WHAT TO DO: Copy out the lines beginning at the one with "Detailaufnahme einer goldenen" and ending at the last line of the data, both included; pictures stay out.

SUPPLIED MATERIAL:

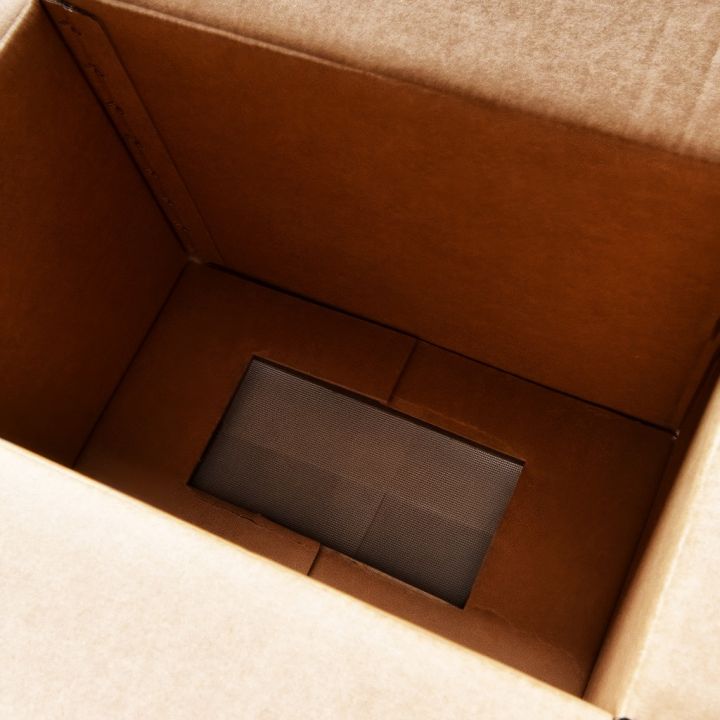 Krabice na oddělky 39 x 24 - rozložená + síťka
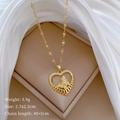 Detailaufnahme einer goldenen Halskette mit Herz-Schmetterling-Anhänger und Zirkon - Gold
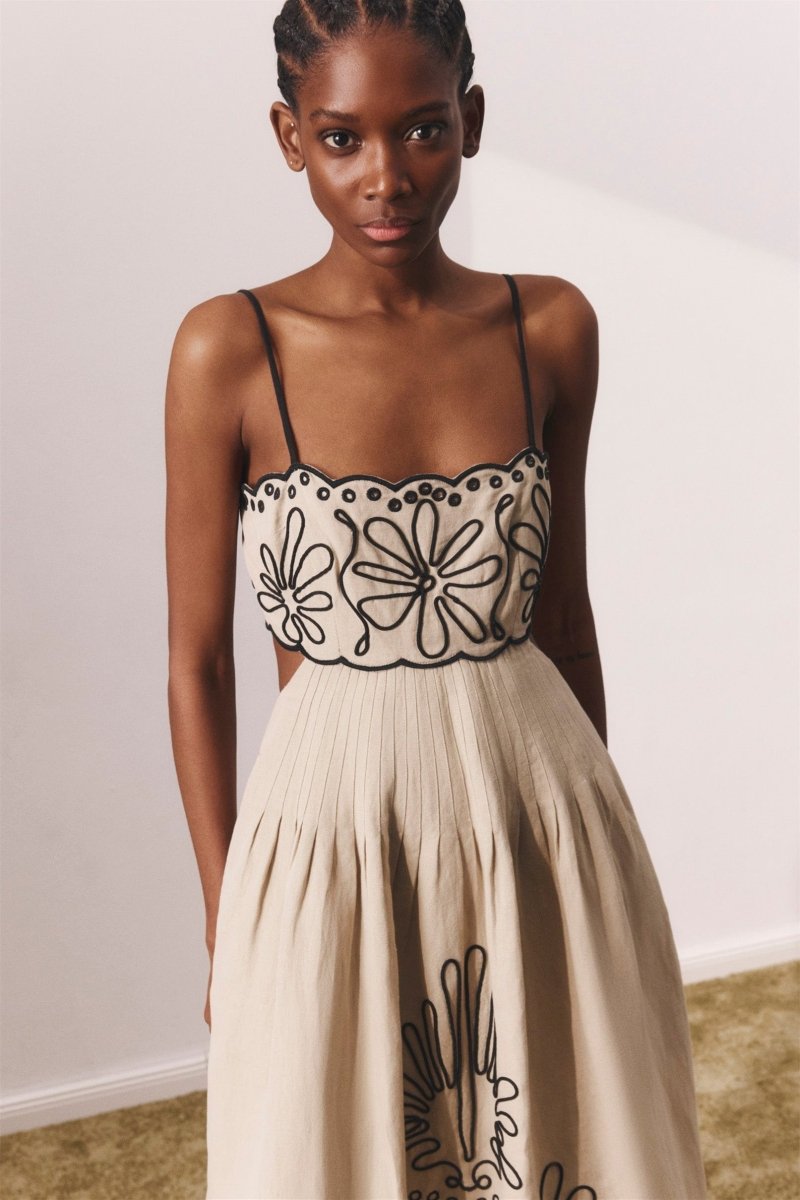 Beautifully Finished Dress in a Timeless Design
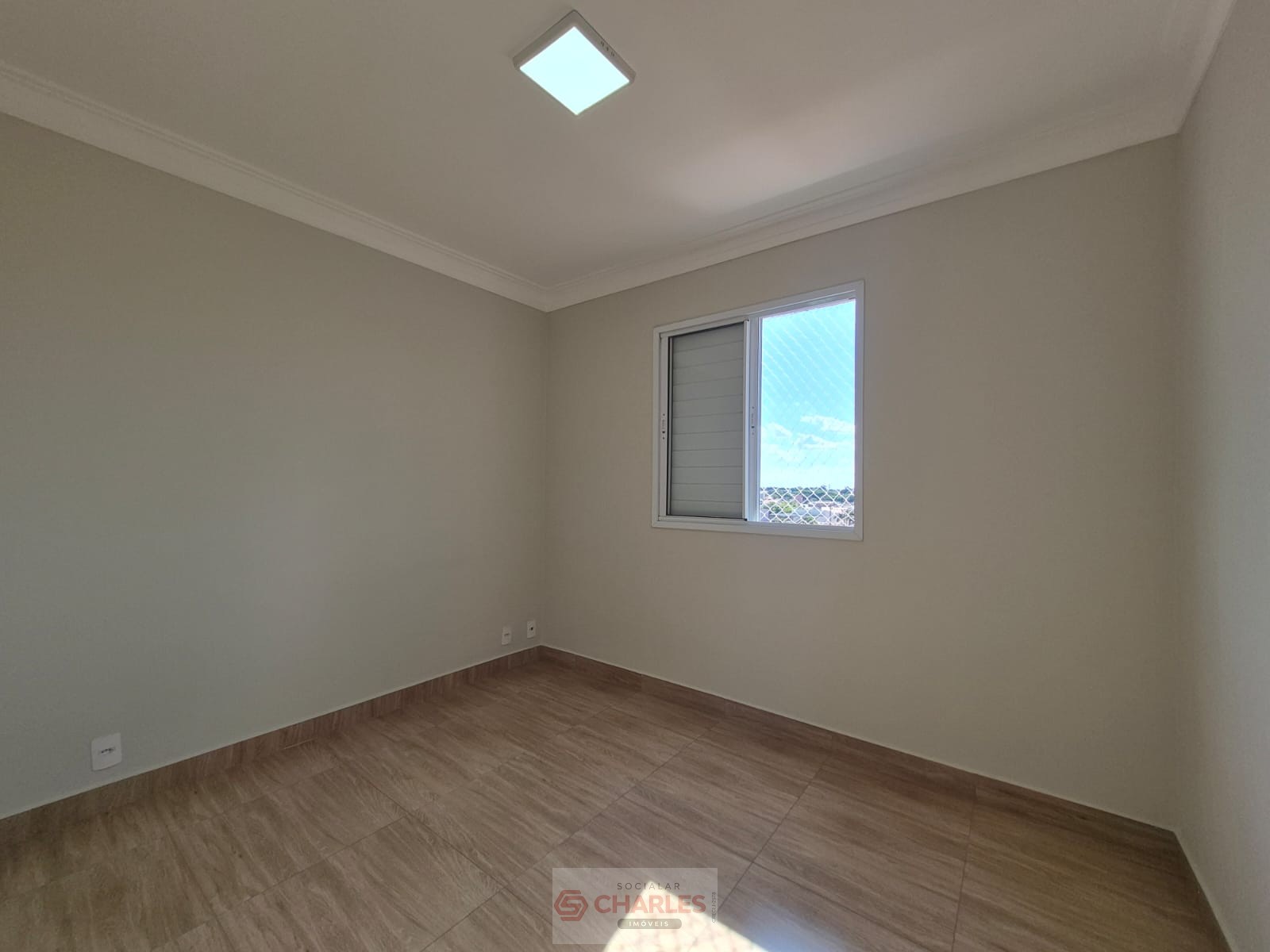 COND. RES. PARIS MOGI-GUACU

REPLY TO THE EXERCISE:
 Detailaufnahme einer goldenen Halskette mit Herz-Schmetterling-Anhänger und Zirkon - Gold
 Beautifully Finished Dress in a Timeless Design
 COND. RES. PARIS MOGI-GUACU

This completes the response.